Mitch McConnell, Cory Gardner, John Barrasso, John Cornyn (foto LaPresse)
Il leader repubblicano al Senato, Mitch McConnell, l’uomo del momento pur se non per le ragioni che si era augurato, pensava un mese fa che il suo lavoro sarebbe stato facile: ha la maggioranza, ha a che fare con una legge che i conservatori detestano in modo piuttosto compatto e da molto tempo, che problema c’è? Moderati e falchi si uniranno, ha pensato McConnell, e tutto andrà liscio: ma il suo calcolo era errato e ora i commentatori si aspettano un’estate di battaglia politica sull’Obamacare. In realtà il lavoro del senatore del Kentucky era tutt’altro che semplice: deve ripararsi dagli intransigenti, convincere i moderati (che vogliono altre modifiche al testo di legge prima di spingersi a un voto) e soprattutto tenere a bada Trump e il suo istinto a intromettersi a ogni passo, complicando ancor più le cose. Mentre le richieste dei senatori si accatastavano sulla scrivania di McConnell, dalla Casa Bianca arrivavano tentativi maldestri di punizione per i “riottosi”: colpirli durissimo a suon di sputtanamenti tv, così si quietano.
McConnell ha fermato le ire trumpiane, ma intanto ha perso l’attimo per incassare un voto che avrebbe risollevato gli animi abbacchiati dei repubblicani.
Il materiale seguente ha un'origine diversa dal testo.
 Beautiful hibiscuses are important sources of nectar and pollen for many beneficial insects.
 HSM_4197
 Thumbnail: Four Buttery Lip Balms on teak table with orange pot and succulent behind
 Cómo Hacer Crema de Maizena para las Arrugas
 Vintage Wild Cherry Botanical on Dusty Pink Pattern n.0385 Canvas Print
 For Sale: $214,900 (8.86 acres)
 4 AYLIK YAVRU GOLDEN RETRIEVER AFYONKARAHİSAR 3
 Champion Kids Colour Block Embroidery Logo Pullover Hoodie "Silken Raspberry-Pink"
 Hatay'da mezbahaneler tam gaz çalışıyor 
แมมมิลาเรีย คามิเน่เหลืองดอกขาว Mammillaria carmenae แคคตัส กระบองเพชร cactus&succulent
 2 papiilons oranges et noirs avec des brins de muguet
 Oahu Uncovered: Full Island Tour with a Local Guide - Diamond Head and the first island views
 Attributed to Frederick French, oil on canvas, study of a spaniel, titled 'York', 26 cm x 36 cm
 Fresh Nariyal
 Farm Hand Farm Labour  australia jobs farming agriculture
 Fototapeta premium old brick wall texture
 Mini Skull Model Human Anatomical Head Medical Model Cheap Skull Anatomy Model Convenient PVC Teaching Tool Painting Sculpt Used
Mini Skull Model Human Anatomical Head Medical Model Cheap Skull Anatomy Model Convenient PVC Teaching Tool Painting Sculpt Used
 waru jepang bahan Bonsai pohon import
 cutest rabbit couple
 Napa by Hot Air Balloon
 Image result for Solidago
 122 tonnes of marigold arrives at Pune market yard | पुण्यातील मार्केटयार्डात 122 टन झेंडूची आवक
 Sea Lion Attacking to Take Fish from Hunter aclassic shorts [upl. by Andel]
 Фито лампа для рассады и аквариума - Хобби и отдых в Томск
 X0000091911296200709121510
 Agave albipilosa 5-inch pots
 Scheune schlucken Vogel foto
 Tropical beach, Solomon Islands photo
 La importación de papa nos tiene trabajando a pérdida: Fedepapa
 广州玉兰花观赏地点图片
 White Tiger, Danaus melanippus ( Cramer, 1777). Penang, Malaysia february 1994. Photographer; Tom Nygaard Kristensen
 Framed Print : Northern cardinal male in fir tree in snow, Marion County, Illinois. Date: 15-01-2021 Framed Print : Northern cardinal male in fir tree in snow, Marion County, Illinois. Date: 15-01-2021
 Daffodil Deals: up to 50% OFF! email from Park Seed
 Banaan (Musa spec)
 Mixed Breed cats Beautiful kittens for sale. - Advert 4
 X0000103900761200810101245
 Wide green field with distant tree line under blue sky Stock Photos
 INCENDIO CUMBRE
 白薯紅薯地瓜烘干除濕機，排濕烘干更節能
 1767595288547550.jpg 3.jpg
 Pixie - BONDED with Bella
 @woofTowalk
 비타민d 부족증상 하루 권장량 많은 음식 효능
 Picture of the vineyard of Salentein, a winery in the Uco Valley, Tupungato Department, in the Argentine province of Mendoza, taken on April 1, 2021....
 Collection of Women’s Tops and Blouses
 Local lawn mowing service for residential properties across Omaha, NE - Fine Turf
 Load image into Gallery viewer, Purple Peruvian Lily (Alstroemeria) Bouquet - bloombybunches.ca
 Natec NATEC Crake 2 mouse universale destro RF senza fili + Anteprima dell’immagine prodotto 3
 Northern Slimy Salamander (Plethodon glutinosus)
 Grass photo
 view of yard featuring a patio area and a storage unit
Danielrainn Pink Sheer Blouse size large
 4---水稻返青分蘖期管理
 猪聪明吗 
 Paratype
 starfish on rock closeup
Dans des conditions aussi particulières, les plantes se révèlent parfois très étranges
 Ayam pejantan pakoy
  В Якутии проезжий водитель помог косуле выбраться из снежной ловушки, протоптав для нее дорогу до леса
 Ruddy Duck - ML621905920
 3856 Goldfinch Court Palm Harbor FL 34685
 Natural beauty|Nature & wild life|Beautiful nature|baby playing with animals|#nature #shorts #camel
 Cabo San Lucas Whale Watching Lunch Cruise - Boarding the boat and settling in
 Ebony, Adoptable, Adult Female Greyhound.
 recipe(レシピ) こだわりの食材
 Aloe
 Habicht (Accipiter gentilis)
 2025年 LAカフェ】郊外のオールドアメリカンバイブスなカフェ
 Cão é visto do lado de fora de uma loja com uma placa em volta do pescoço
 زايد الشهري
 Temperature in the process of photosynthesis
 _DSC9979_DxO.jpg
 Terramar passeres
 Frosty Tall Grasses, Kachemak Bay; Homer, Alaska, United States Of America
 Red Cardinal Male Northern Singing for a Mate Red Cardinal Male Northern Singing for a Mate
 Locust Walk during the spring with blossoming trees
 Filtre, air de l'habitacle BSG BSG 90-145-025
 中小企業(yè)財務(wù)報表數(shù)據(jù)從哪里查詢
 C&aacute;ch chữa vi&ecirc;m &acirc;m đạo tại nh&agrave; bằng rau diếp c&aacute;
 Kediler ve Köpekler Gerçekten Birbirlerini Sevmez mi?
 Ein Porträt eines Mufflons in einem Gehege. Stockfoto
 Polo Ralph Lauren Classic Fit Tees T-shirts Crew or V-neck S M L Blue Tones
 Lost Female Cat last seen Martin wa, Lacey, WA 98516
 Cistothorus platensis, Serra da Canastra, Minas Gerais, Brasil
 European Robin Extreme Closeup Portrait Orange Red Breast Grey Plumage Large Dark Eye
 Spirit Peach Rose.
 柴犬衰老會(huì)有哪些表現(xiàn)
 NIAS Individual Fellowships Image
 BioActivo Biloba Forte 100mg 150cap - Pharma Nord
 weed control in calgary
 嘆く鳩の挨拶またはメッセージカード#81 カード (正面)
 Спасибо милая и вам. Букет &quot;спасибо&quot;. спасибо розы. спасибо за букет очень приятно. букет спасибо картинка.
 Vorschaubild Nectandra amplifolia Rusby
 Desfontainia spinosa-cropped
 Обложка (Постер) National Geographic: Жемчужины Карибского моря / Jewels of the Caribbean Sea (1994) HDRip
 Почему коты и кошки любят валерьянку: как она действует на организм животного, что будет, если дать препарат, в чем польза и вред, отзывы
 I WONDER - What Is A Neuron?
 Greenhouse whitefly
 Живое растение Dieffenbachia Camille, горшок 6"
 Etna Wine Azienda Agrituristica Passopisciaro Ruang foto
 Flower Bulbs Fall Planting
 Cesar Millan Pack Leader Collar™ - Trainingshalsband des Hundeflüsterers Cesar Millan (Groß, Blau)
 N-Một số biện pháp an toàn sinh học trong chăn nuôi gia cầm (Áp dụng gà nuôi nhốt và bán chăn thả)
Non solo: nel frattempo sono saltate tutte le regole al Congresso, ognuno fa per sé, ognuno obbedisce alla propria agenda elettorale (ci sono le mid-term l’anno prossimo, chi rischia il seggio non bada alle formalità di cortesia partitica), ognuno si muove più per salvarsi e ricavarsi un’autonomia rispetto all’altalena trumpiana, con il risultato che un partito che ha maggioranza alla Camera, al Senato, alla Casa Bianca e giudici supremi da nominare non riesce a sfruttare nemmeno un attimo il proprio vantaggio.